Alongside this project, I am continuing to develop a series of drawings called The Lines of Time (pictured) for an exhibition in the RA’s Tennant Gallery in 2016. I began the series in France – it is based on the effects of the ever-changing climate and light on the landscape.
I often visit France and work there for up to four weeks at a time. I stay in a house in the south west, near Albi. It’s especially tranquil and conducive to working. I find being in a new environment extremely stimulating and the opportunities to work away from home especially productive, with no phone calls or emails to distract me. I tend to go on artist residencies alone and work very intensely. Sometimes I draw, sometimes I make sculptures, so I have a travelling studio kit. It is always interesting to see what effect a new environment has on me – it is a journey in every sense of the word.

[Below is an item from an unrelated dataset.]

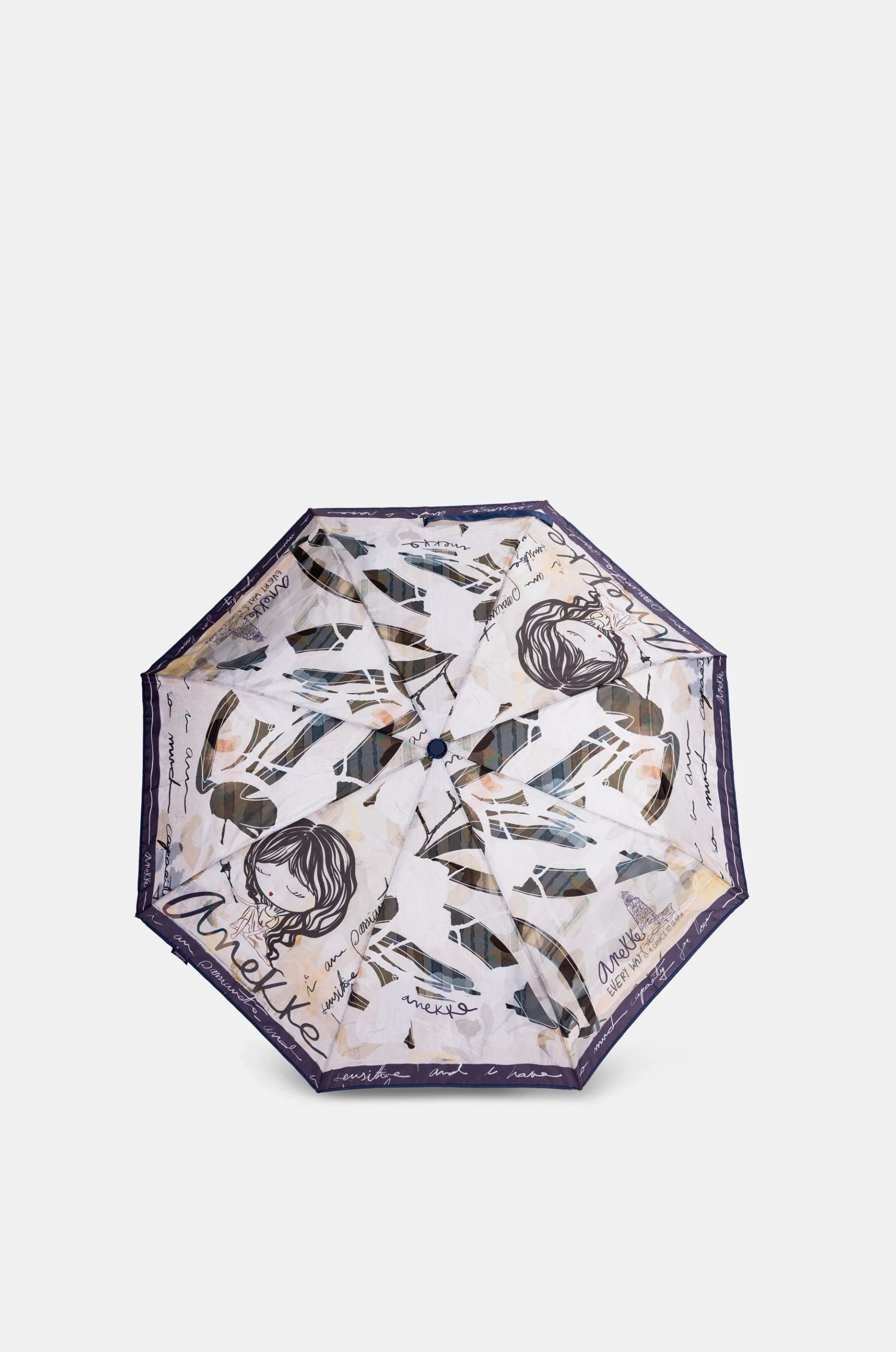 Ombrello Anekke donna con fantasia illustrata beige/blu TU | Giò Fashion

What is your earliest memory of art?
As a child, I remember casting plaster figures and animals from cheap rubber moulds. Was it art? No – but it was the start of my drive to make things. I bought my first book on art history for three guineas, and then I saw an actual painting of Van Gogh’s Sunflowers in the National Gallery and wondered why it was so dull. I didn’t realise at the time that he painted many versions of the same work. But my most significant memory was my overwhelming emotional response to Rothko’s nine ‘Seagram Murals’ exhibited in 1970 at the Tate Gallery (now Tate Britain) – that has never left me.
What work of art do you wish you’d created?
I wish I’d made one of Richard Serra’s huge corten sculptures. His last exhibition at the Gagosian Gallery was unbelievably powerful and yet it had a tranquillity that I just became transfixed by. Serra’s work was not new to me but standing in, under, and around those monumental pieces of steel was magical. I was lucky enough to have been in the gallery virtually alone. I loved their terrifying weight and the visually delicate and refined balance and simplicity – an enviable combination as a sculptor.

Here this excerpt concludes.